This course provides a practical and strategic foundation in securing AI systems. As organisations rapidly adopt AI tools and platforms, new attack surfaces are emerging that traditional cybersecurity approaches cannot address. This hands-on course will equip cybersecurity professionals and technical teams with the knowledge, tools, and frameworks needed to protect AI-driven systems from evolving threats.
Prerequisites
-
Foundational understanding of cybersecurity principles
-
Basic knowledge of machine learning concepts
-
Familiarity with web application security and APIs
-
Command line experience in Linux environments
Intended Audience
-
AI attack surface awareness: Understand how AI systems introduce new vulnerabilities, including prompt injection, data poisoning, and adversarial attacks.
-
LLM security fundamentals: Apply the OWASP Top 10 for Large Language Models to identify and mitigate key risks.
-
Hands-on defence: Use AI security tools to detect and prevent malicious activity, implement guardrails, and protect sensitive data.
-
Red teaming and testing: Simulate real-world adversarial scenarios and strengthen AI defences.
-
Governance and compliance: Navigate the NIST AI Risk Management Framework, EU AI Act, and emerging AI security regulations.

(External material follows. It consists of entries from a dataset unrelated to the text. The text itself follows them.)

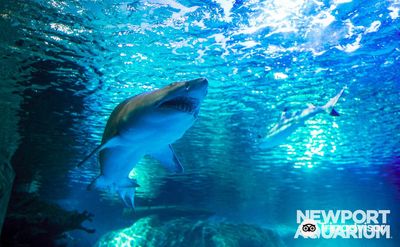 Newport Aquarium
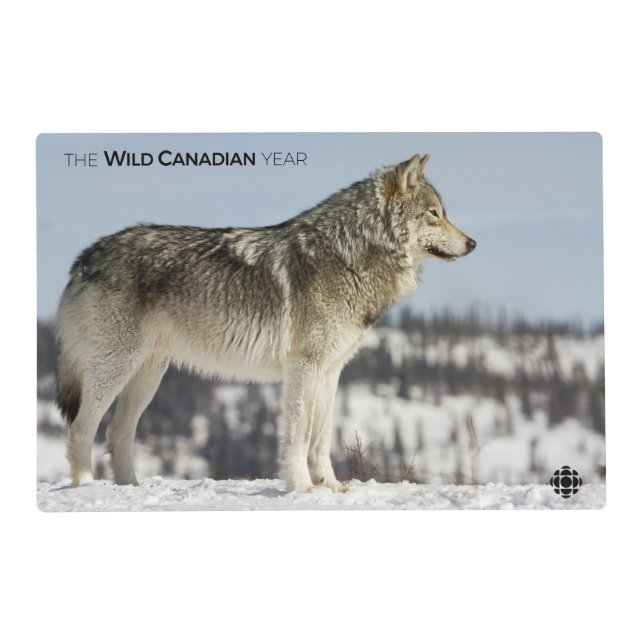 Winter - Wolf Placemat (Front)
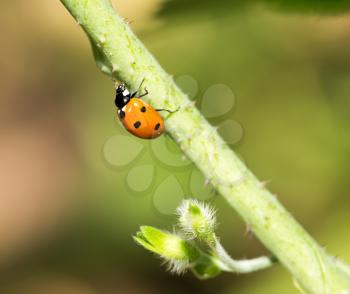 ladybug on a plant in the nature. macro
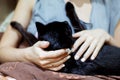 A woman with a white manicure strokes a black cat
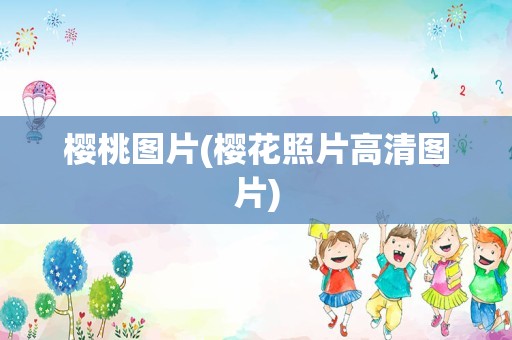 樱桃图片(樱花照片高清图片)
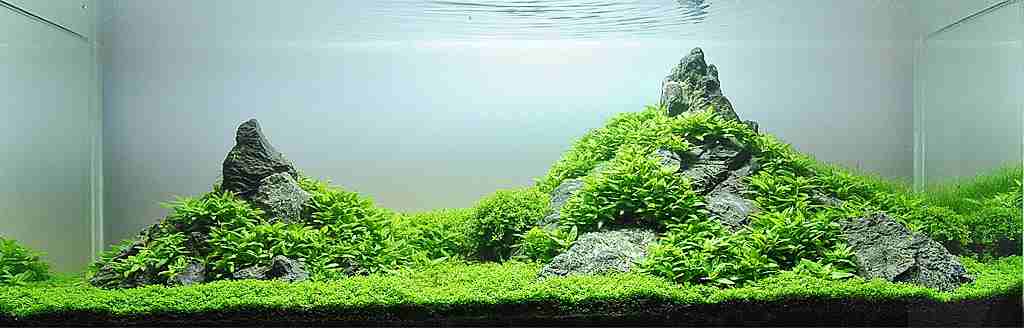 Detail Aquascape Padang Rumput Nomer 10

Check out our other AI courses here!
12 lessons cover:
Introduction to AI Security
This module sets the foundation for understanding how AI security differs from traditional cybersecurity. You’ll explore the unique threat landscape created by intelligent systems, including how attack surfaces expand through AI integrations. We’ll also discuss Shadow AI, governance gaps, and how emerging threats are reshaping security strategies.

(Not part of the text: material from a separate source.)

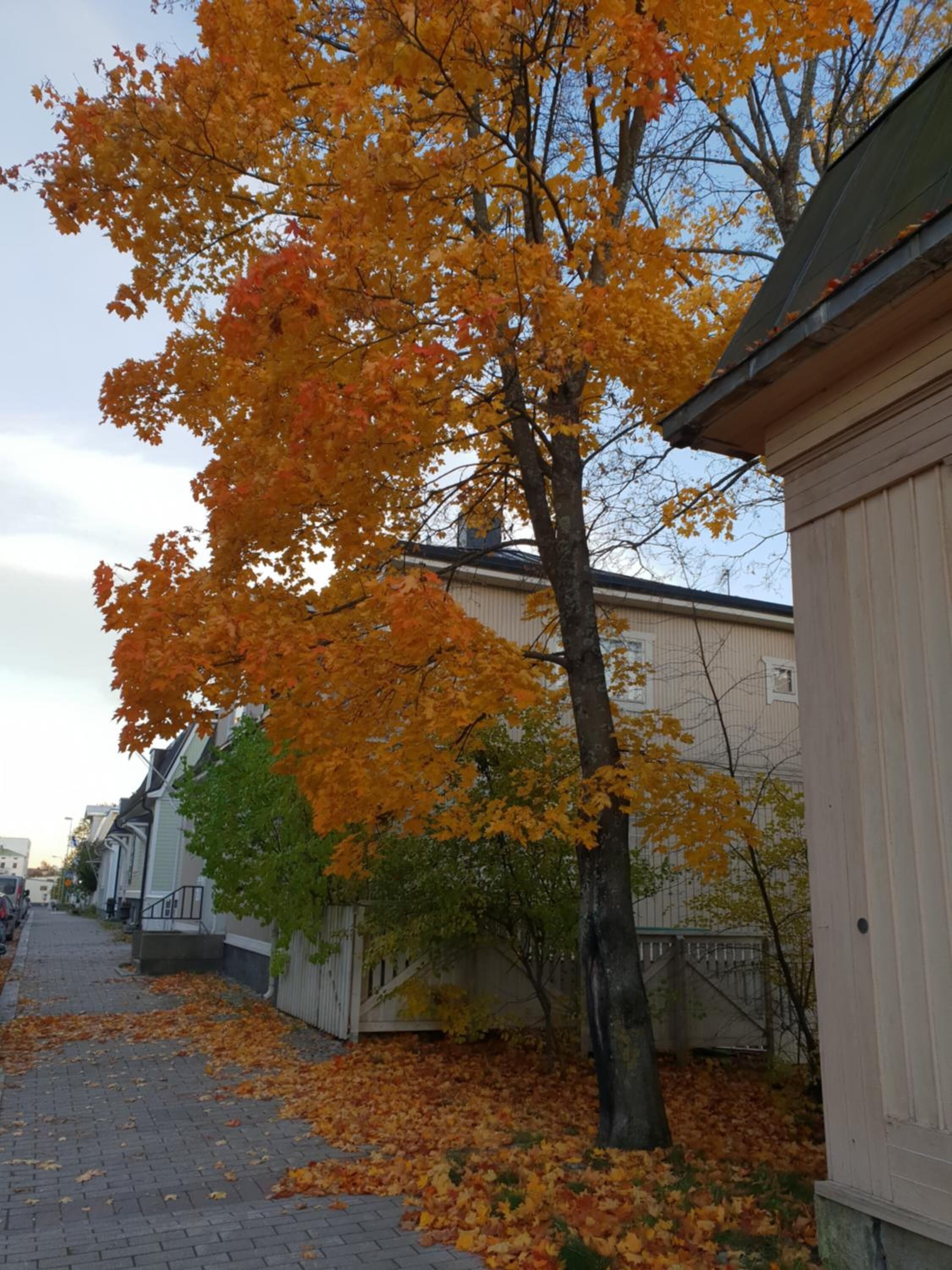 Una calle residencial con casas, un árbol con hojas otoñales y una acera de ladrillo.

Prompt Injection and Attack Vectors
Learn how attackers exploit AI systems through direct and indirect prompt injection. Using real-world case studies, you’ll examine how these techniques work in practice and develop strategies to detect and mitigate prompt-based threats before they cause harm.
OWASP Top 10 for LLM Applications
This module introduces the OWASP Top 10 for Large Language Models, highlighting the most critical vulnerabilities in AI systems. You’ll gain practical knowledge on preventing data leakage, protecting system prompts, and securing retrieval-augmented generation (RAG) pipelines and vector stores.
Adversarial AI and Model Attacks
Dive into the mechanics of adversarial attacks on AI models, including evasion, data poisoning, and model extraction. You’ll also explore transfer attacks and adversarial examples, learning how to implement defensive countermeasures and continuous monitoring to protect your models in production.
Jailbreaking and Guardrail Bypass
Understand how jailbreak techniques are used to override safety systems in language models. This module covers context manipulation, meta-query attacks, and practical testing frameworks that help you identify and mitigate these bypasses.
AI Supply Chain Security
AI systems often rely on third-party models, datasets, and integrations, introducing new risks. Here, you’ll learn how to secure the AI supply chain through robust procurement processes, vendor assessments, and contractual safeguards that minimise exposure to hidden vulnerabilities.
Deepfakes and Synthetic Media
Explore how deepfakes and synthetic media are created, the risks they pose, and their growing use in cyberattacks. You’ll evaluate the latest detection technologies, authentication methods, and organisational defence strategies to counter these evolving threats.
AI Security Tools and Platforms
This module introduces leading AI security tools such as Lakera Guard and Microsoft Prompt Shields, as well as open-source red teaming frameworks. You’ll learn how to integrate these solutions into your security workflows to detect and prevent threats effectively.
Governance and Regulation
AI security isn’t just technical—it’s also regulatory. Here, you’ll explore the NIST AI Risk Management Framework, EU AI Act requirements, and how to build internal governance programmes that align innovation with compliance and accountability.
AI Red Teaming and Security Testing
Learn how to apply structured threat modelling and red teaming methodologies to AI systems. You’ll map attack surfaces, run realistic adversarial scenarios, and ensure your security testing meets regulatory and industry standards.
Incident Response and Recovery
This module focuses on AI-specific incident response. You’ll learn how to detect, contain, and recover from prompt injection, model poisoning, and other AI-driven attacks. We’ll also cover forensic analysis, post-incident hardening, and automated detection workflows.
Capstone Project
In the final module, you’ll apply everything learned throughout the course. You’ll design and defend a secure AI architecture, participate in a red team vs blue team exercise, and present your mitigation strategies, gaining practical, job-ready experience in securing intelligent systems.